In any _practical_ microarchitecture I know of, the above will never
result in 'z' being 5, even though CPU1 doesn't really have a memory
barrier. But if I read the alpha memory ordering guarantees rigth, then at
least in theory you really can end up with z=5.
Let me write that as five events (with the things in brackets being what
the alpha memory ordering manual calls them):
- A is "read of x returns 1" on CPU1 [ P1:R(x,1) ]
- B is "write of value 5 to y" on CPU1 [ P1:W(y,5) ]
- C is "read of y returns 5" on CPU2 [ P2:R(y,5) ]
- D is "write of value 1 to x" on CPU2 [ P2:W(x,1) ]
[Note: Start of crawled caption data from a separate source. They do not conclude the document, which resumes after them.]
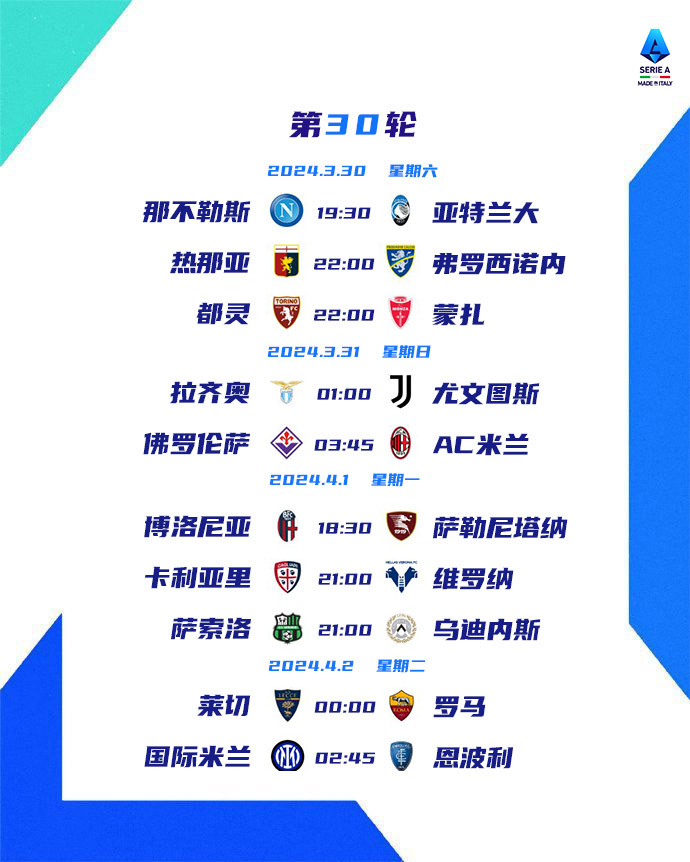 意年战水料门设,深度解析与SEO优化策略,意年战水料门设深度解析与SEO优化攻略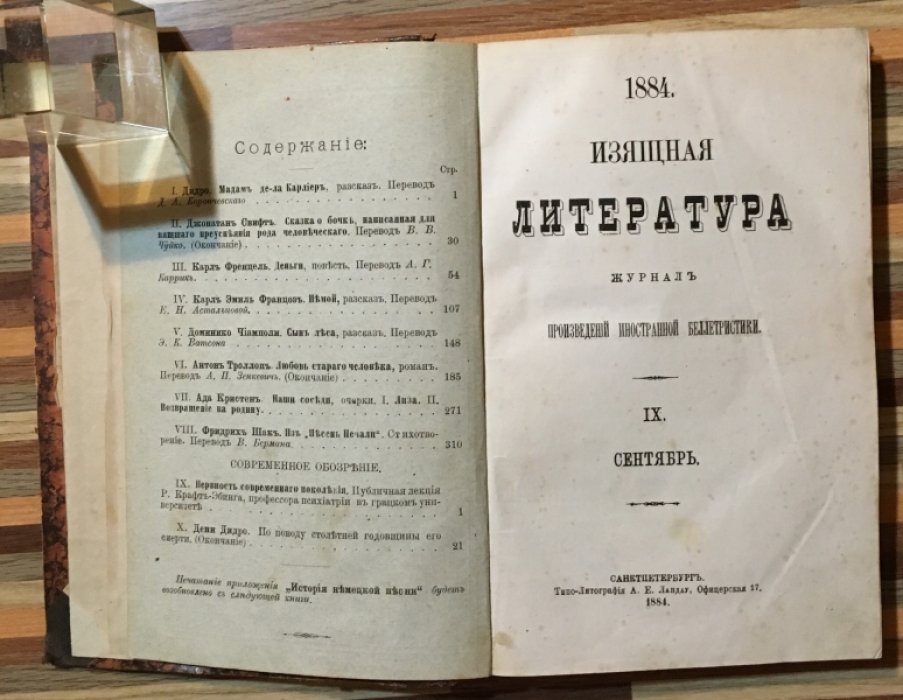 Изящная литература. 1884 г. Сентябрь.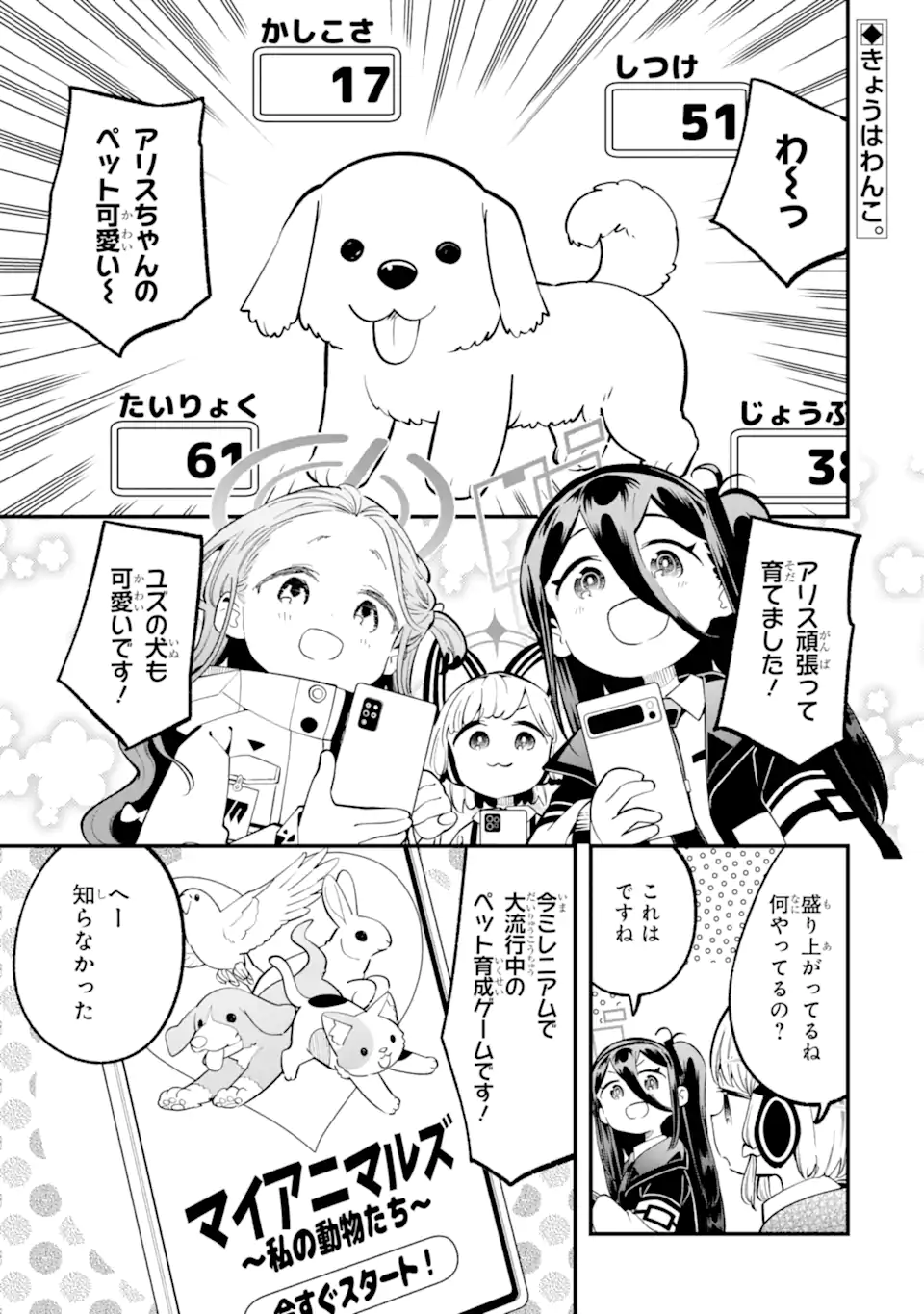 Blue Archive Game Kaihatsubu Daibouken! Chapter 22 3ページ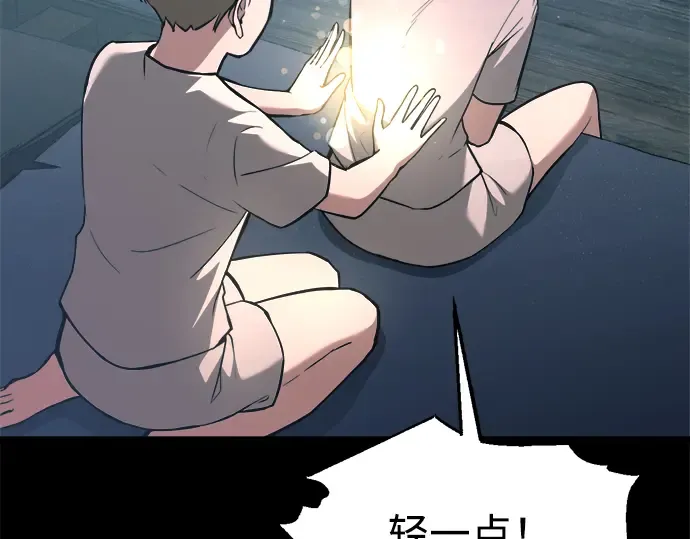 第154话 第113页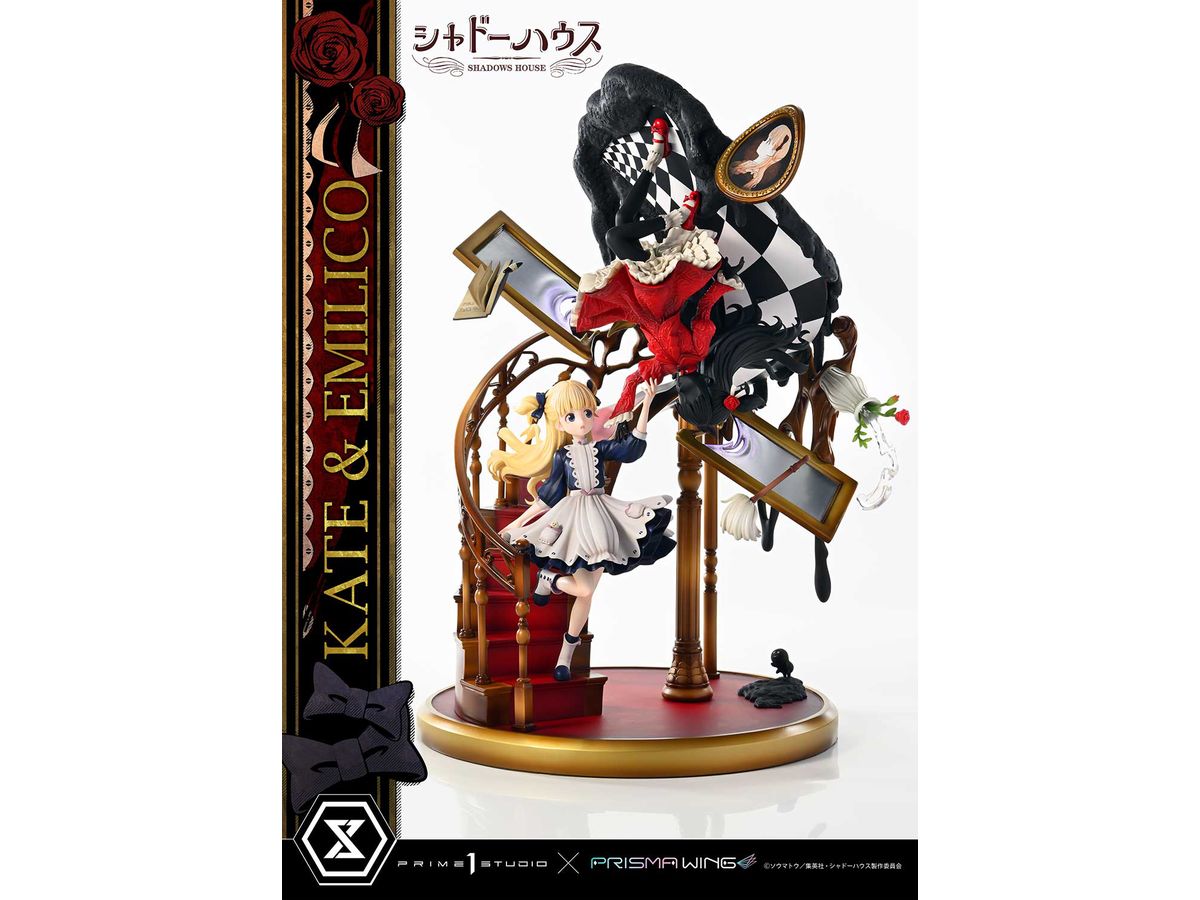 PRISMA WING Shadow House Kate & Emilico Statue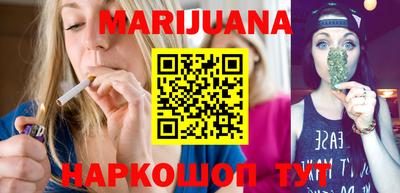 соль ск Малгобек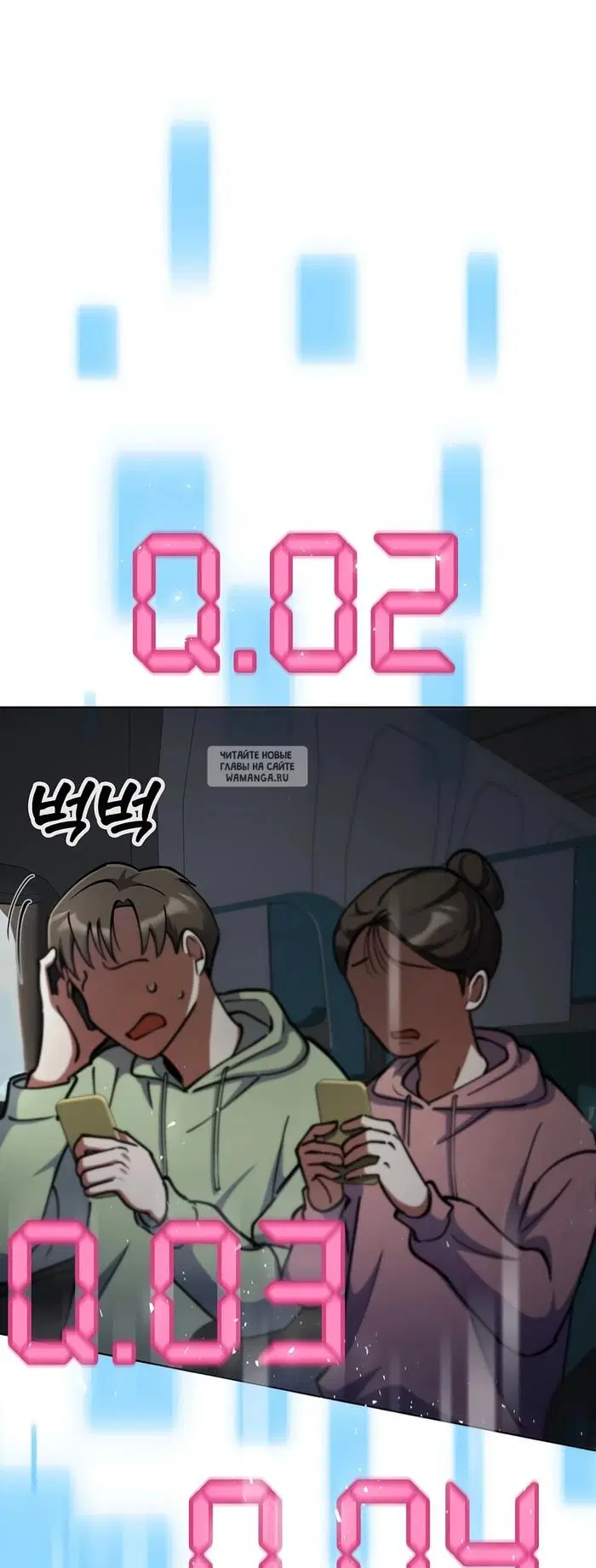 Page 58.000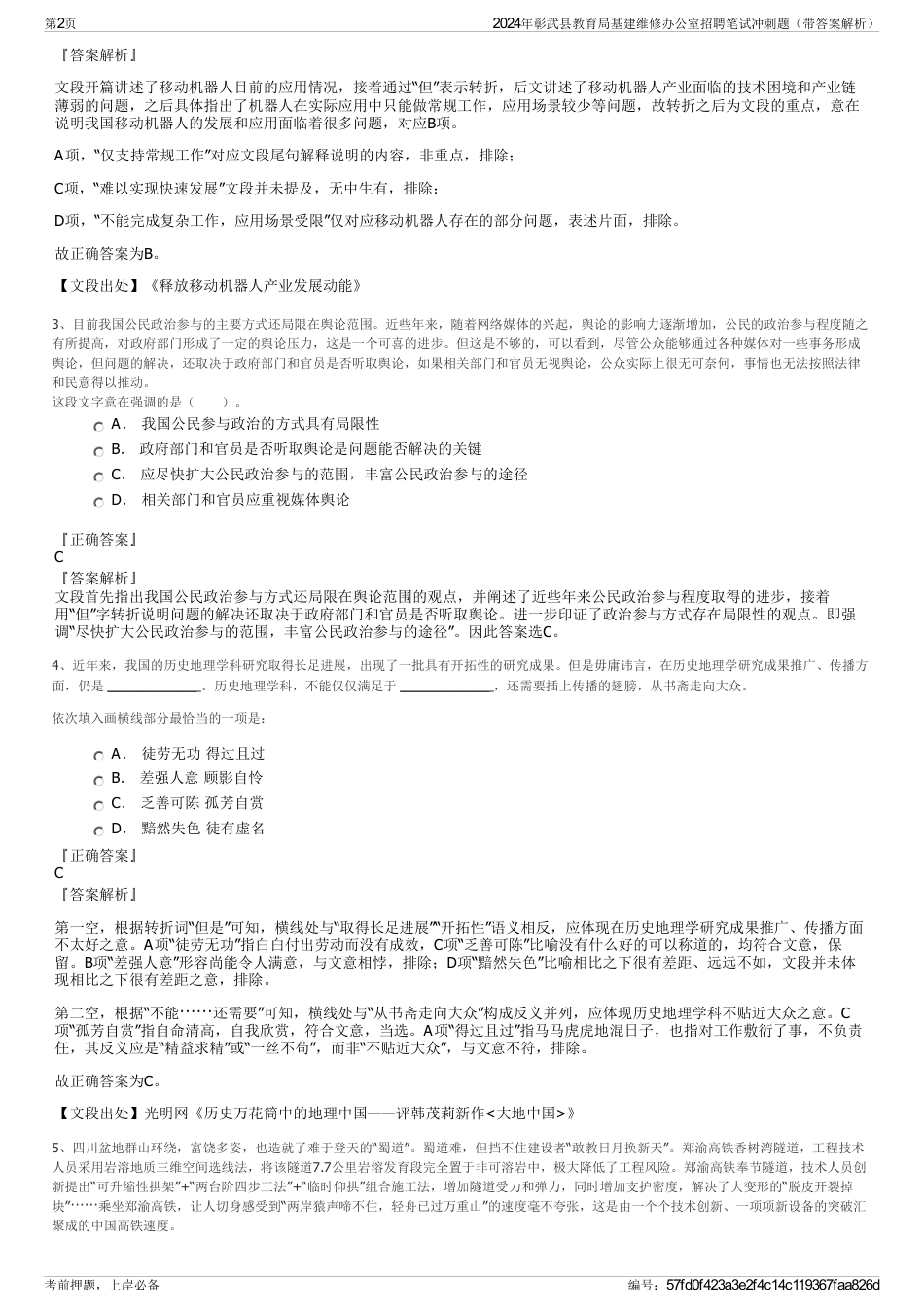 2024年彰武县教育局基建维修办公室招聘笔试冲刺题（带答案解析）_第2页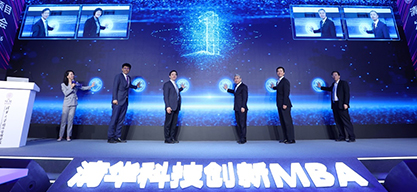 清华科技创新MBA项目发布会举行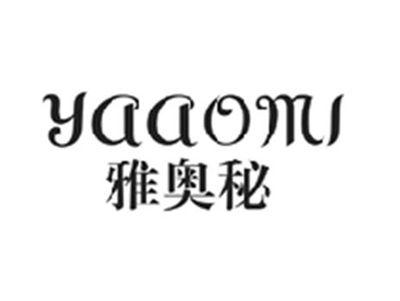 雅奥秘YAAOMI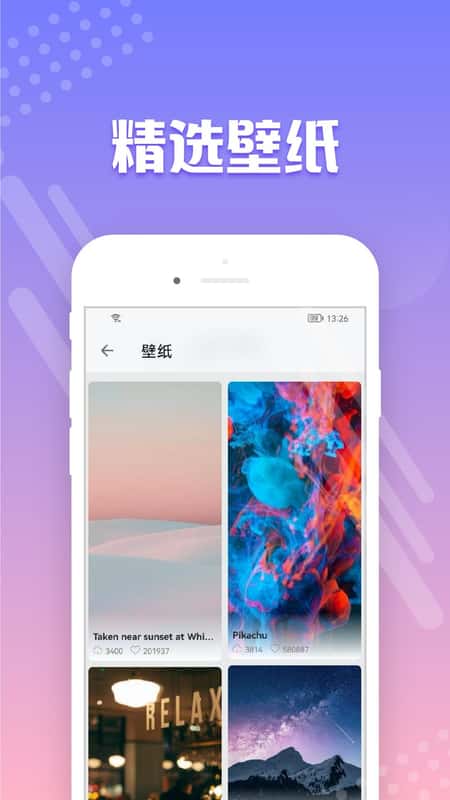 禾琴壁纸截图(2)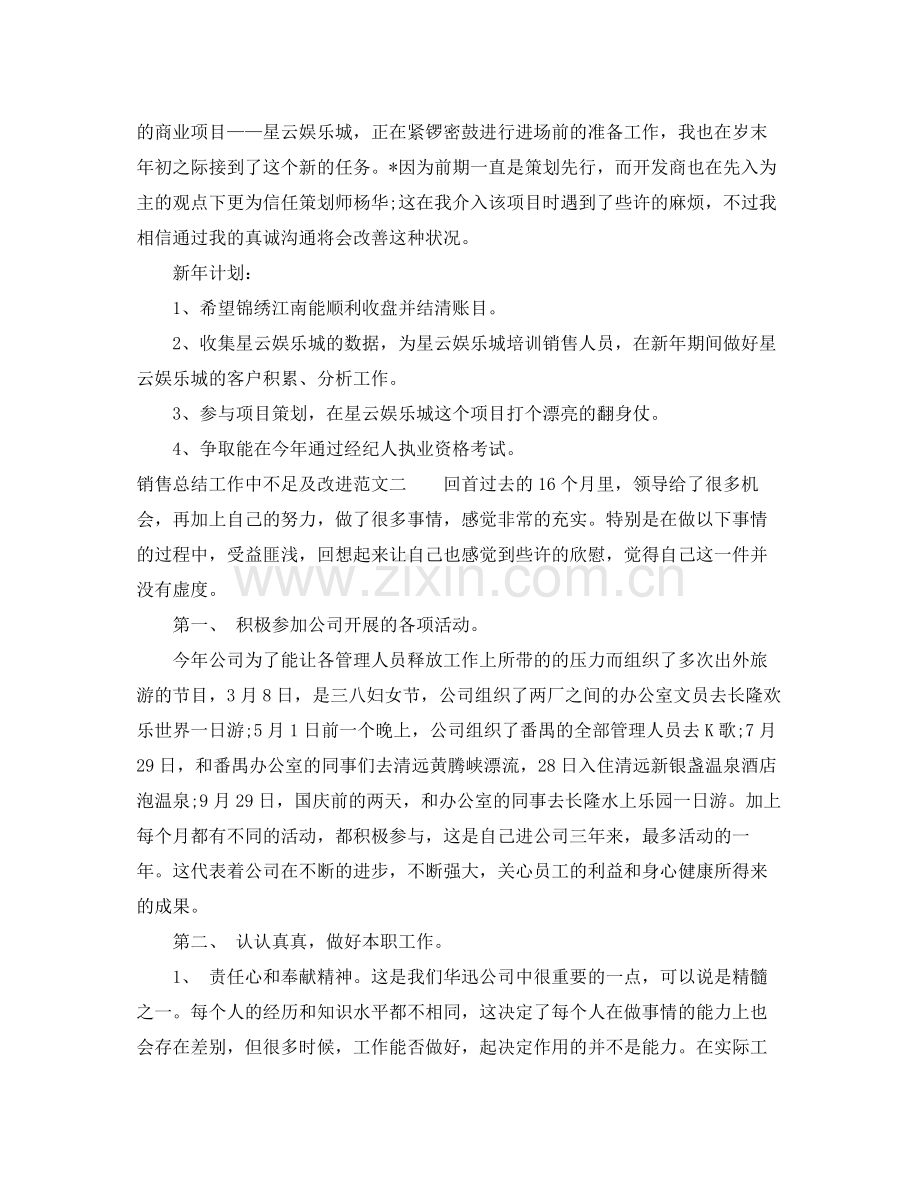 销售总结工作中不足及改进 .docx_第2页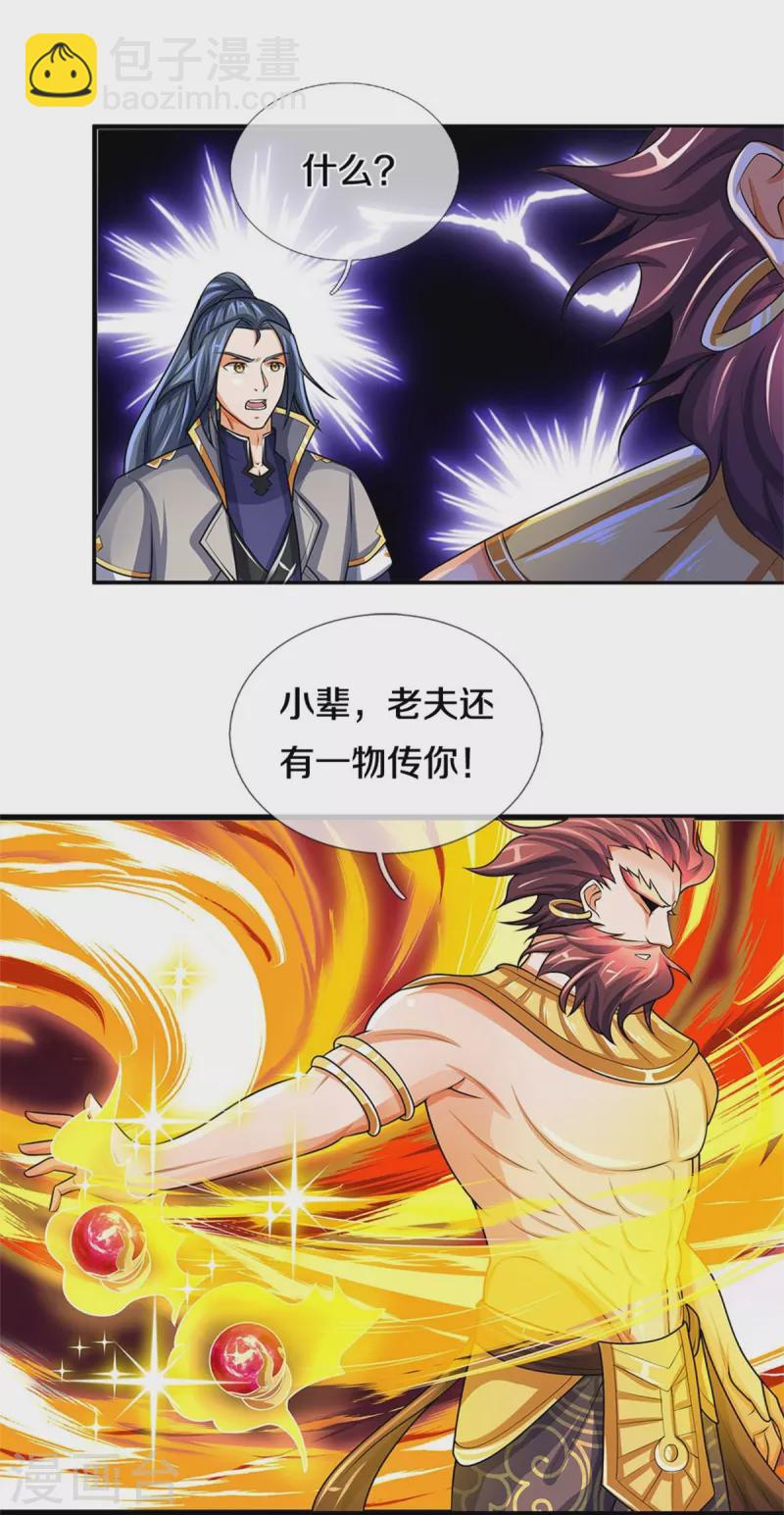 第495话 世界之大，远超想象19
- 'MB' is the mb() on CPU2 [ P2:MB ]
(The write of 'z' is irrelevant, we can think of it as a register, the end
result is the same).
And yes, if I read the alpha memory ordering rules correctly, you really
can end up with z=5, although I don't think you will ever find an alpha
_implementation_ that does it.
Why?
The alpha memory ordering literally defines ordering in two ways:
- "location access order". But that is _only_ defined per actual
location, so while 'x' can have a location access order specified by
seeing certain values, there is no "location access order" for two
different memory locations (x and y).
The alpha architecture manual uses "A << B" to say "event A" is before
"event B" when there is a defined ordering.
So in the example above, there is a location access ordering between
P2:W(x,1) << P1:R(x, 1)
and
P2:R(y,5) << P1:W(y,5)
ie you have D << A and B << C.
Good so far, but that doesn't define anything else: there's only
ordering between the pairs (D,A) and (B,C), nothing between them.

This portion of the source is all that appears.